▸ **RECORDS TO PROCESS**:
>>>>>

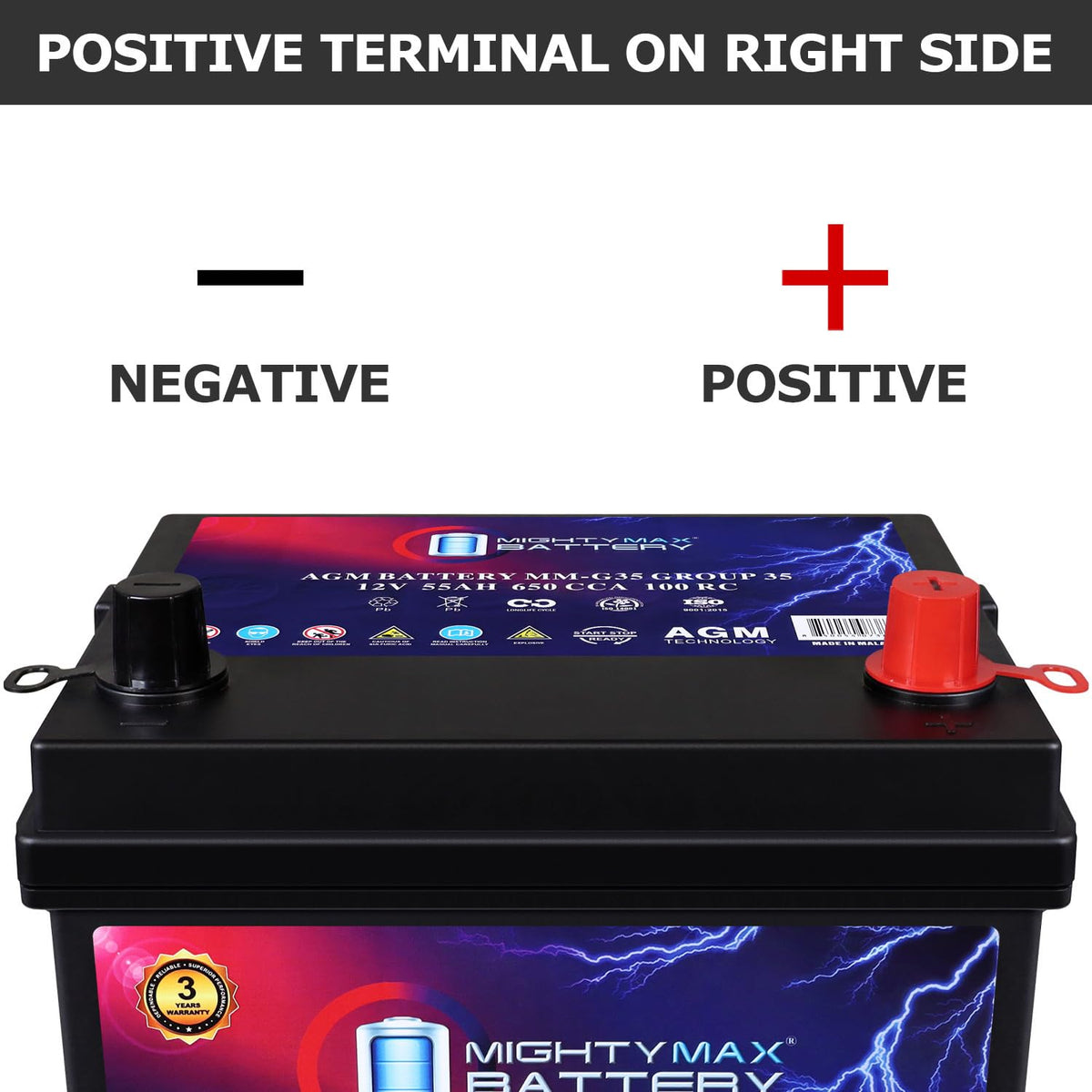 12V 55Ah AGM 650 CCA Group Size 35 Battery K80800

<<<<<
>>>>>

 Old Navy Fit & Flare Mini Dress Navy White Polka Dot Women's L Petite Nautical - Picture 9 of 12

<<<<<
>>>>>

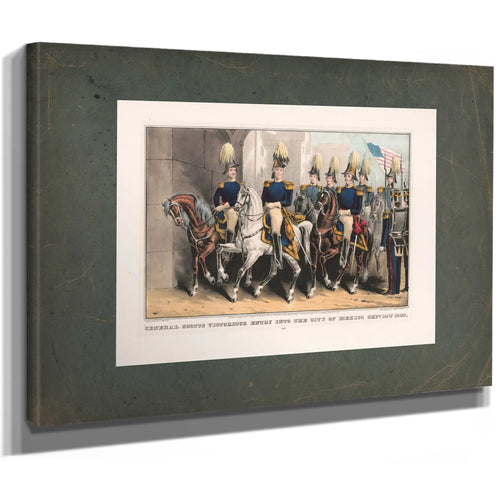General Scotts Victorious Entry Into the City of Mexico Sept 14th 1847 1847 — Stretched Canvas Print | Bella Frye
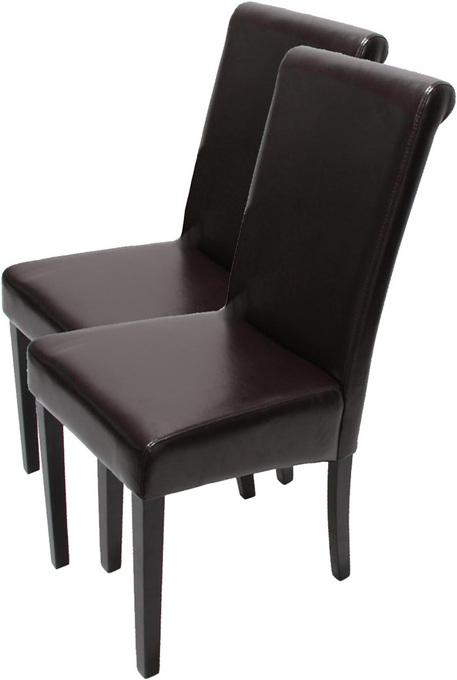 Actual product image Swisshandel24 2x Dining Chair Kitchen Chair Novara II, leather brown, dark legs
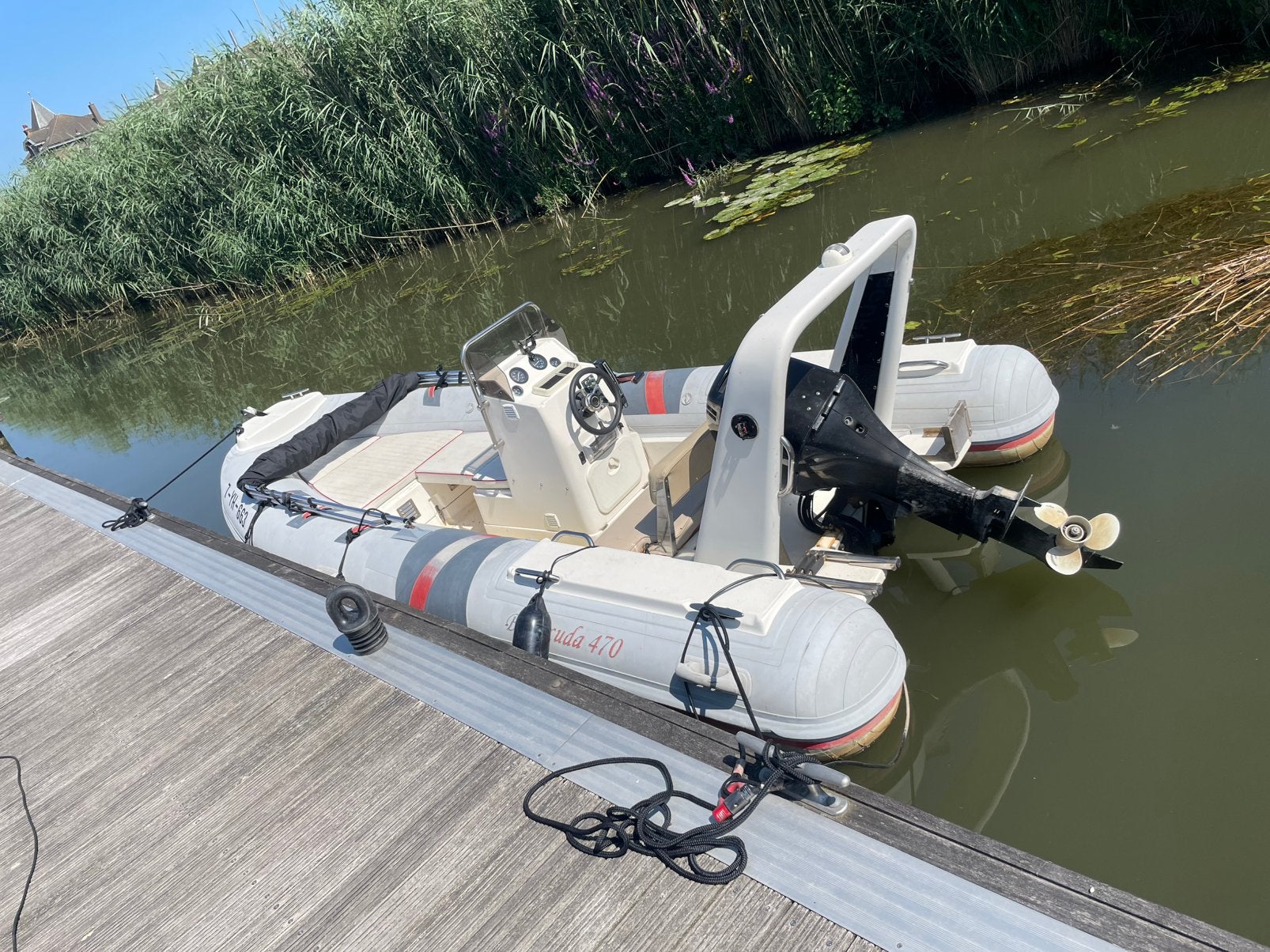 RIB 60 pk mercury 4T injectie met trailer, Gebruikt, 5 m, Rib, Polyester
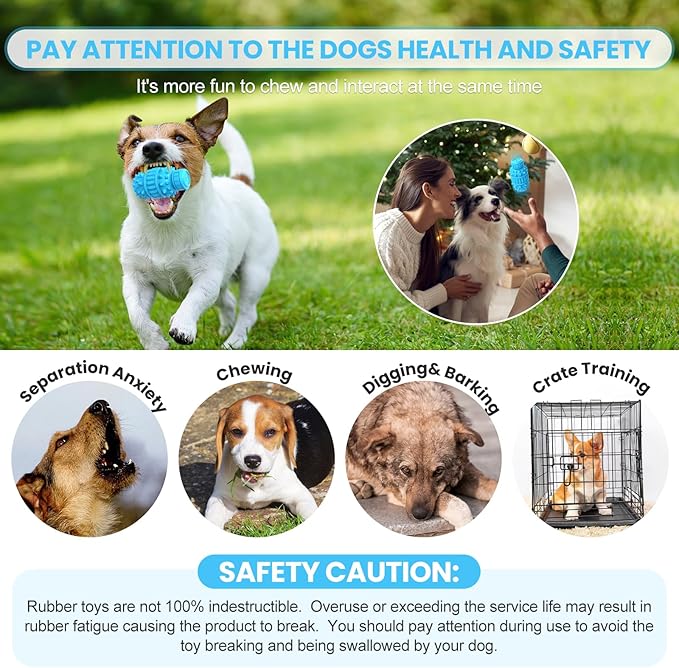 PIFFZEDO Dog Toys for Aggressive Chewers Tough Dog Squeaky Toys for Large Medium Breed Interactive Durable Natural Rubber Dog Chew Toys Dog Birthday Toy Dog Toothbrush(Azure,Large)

<<<<<

▸ **TASK PROMPT**: Within the entries above, give again exactly the lines starting at the one that contains "General Scotts Victorious" and ending at the one that contains "PIFFZEDO Dog Toys", leaving out the pictures.

▸ **EXPECTED OUTPUT**:
General Scotts Victorious Entry Into the City of Mexico Sept 14th 1847 1847 — Stretched Canvas Print | Bella Frye
 Actual product image Swisshandel24 2x Dining Chair Kitchen Chair Novara II, leather brown, dark legs
 RIB 60 pk mercury 4T injectie met trailer, Gebruikt, 5 m, Rib, Polyester
 PIFFZEDO Dog Toys for Aggressive Chewers Tough Dog Squeaky Toys for Large Medium Breed Interactive Durable Natural Rubber Dog Chew Toys Dog Birthday Toy Dog Toothbrush(Azure,Large)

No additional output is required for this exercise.